Bankruptcy Forum

Income Based Repayment for Married Couple

jaina
07-09-2008, 02:33 PM
Hey guys, I posted this on another forum but thought I'd come here for advice as well.

How would an income-based repayment plan work for a married couple, each repaying on their respective student loans and filing their taxes jointly? I’m currently in school for my MBA and my husband is also a full time student so I’ve got some time to research this. I’d like to be prepared. I know that there are new laws taking into effect next year… something about 15% of AGI from tax returns filed. This is something that my husband and I would be interested in. Because we are still in school, we have not consolidated any of our student loans. Where do we begin?

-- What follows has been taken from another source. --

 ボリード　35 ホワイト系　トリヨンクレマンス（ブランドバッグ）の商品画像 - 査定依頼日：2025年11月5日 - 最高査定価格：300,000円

Thanks in advance for your help!

lrprn
07-09-2008, 07:56 PM
How would an income-based repayment plan work for a married couple, each repaying on their respective student loans and filing their taxes jointly? If "income-based repayment plan" means filing Chapter 13 bankruptcy, then yes, you can include overdue taxes in your Ch !13 plan.

Unfortunately student loans in Ch 13 are a mess at the moment. Student loans are considered non-secured but cannot be discharged except under very unusual and rare circumstances. Most Ch 13 trustees will not allow loan payments to be made during Ch 13 - most lenders put the loans into forebearance but continue to charge interest throughout your Ch 13 plan length :(.

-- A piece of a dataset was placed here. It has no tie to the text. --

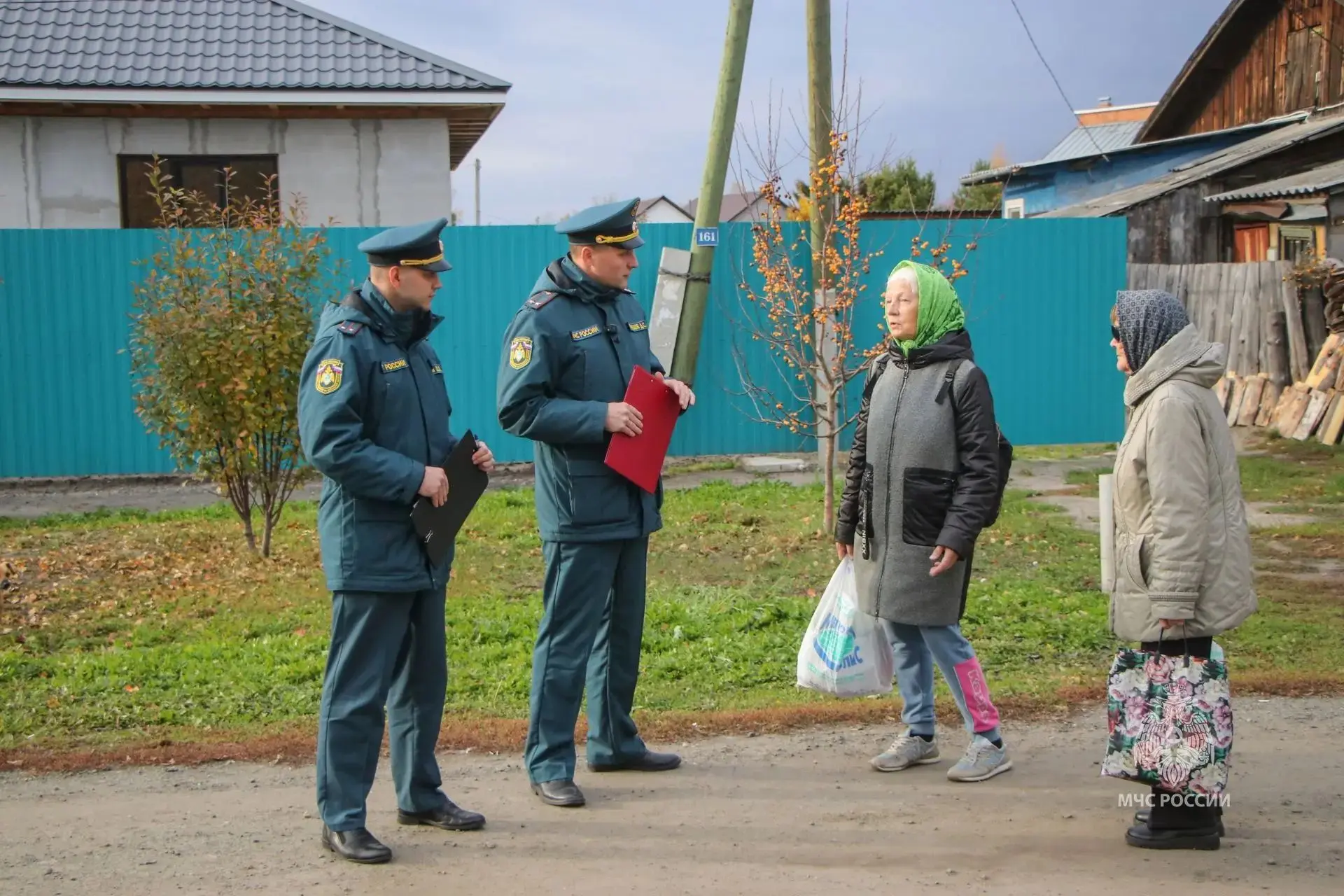 В Кургане прошел рейд по жилому сектору микрорайона Вороновка - сотрудники МЧС России н...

If you are considering Ch 13 bankruptcy, the best thing you can do for yourselves is to set up free or low-cost initial appointments with 3-4 experienced bankruptcy lawyers in your area. Go in with all your financial information and discuss how filing would impact your family in the long term. There's no obligation and you can find out if filing Ch 13 is a good idea in your situation or not.

Hang in there - keep us posted about what you find out.

jaina
07-10-2008, 12:12 PM
No, the income-based plans are not for a bankruptcy. I was referring to regular student loan repayment options. My husband and I are planning on purchasing a home in a couple of years and we want to keep our DTI low so that we can qualify for a mortgage loan.

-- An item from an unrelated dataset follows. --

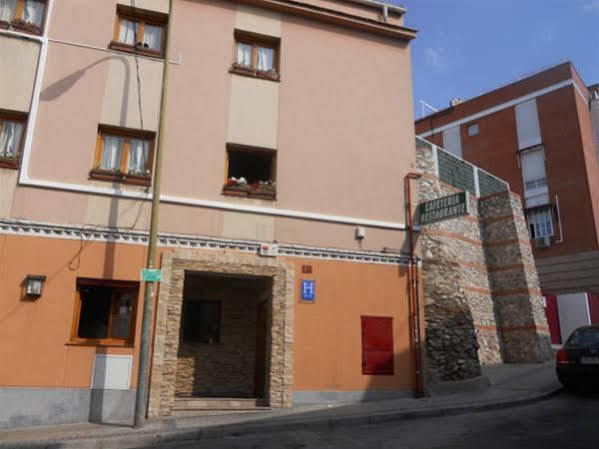 Hostal El Descanso Madrid Esterno foto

After all is said and done, my education (this includes my undergraduate degree and graduate degree) will put me at about 60-65K in debt. My husband will have roughly 50K himself. 115K in student loan debt in total, heh... ouch. I can only imagine what the minimum payment amounts will be under the standard 10 year option and I am certain would not be able to afford them! I've pretty much resigned myself to the fact that I will be paying on student loans my entire life. That's fine, but I also want to be able to buy a house, have kids, etc.

I've read that I could extend my repayment option to 25 years and keep the payments low, basing the amounts off of my adjusted gross income. I was just curious how this would work out if both my husband and I are in repayment.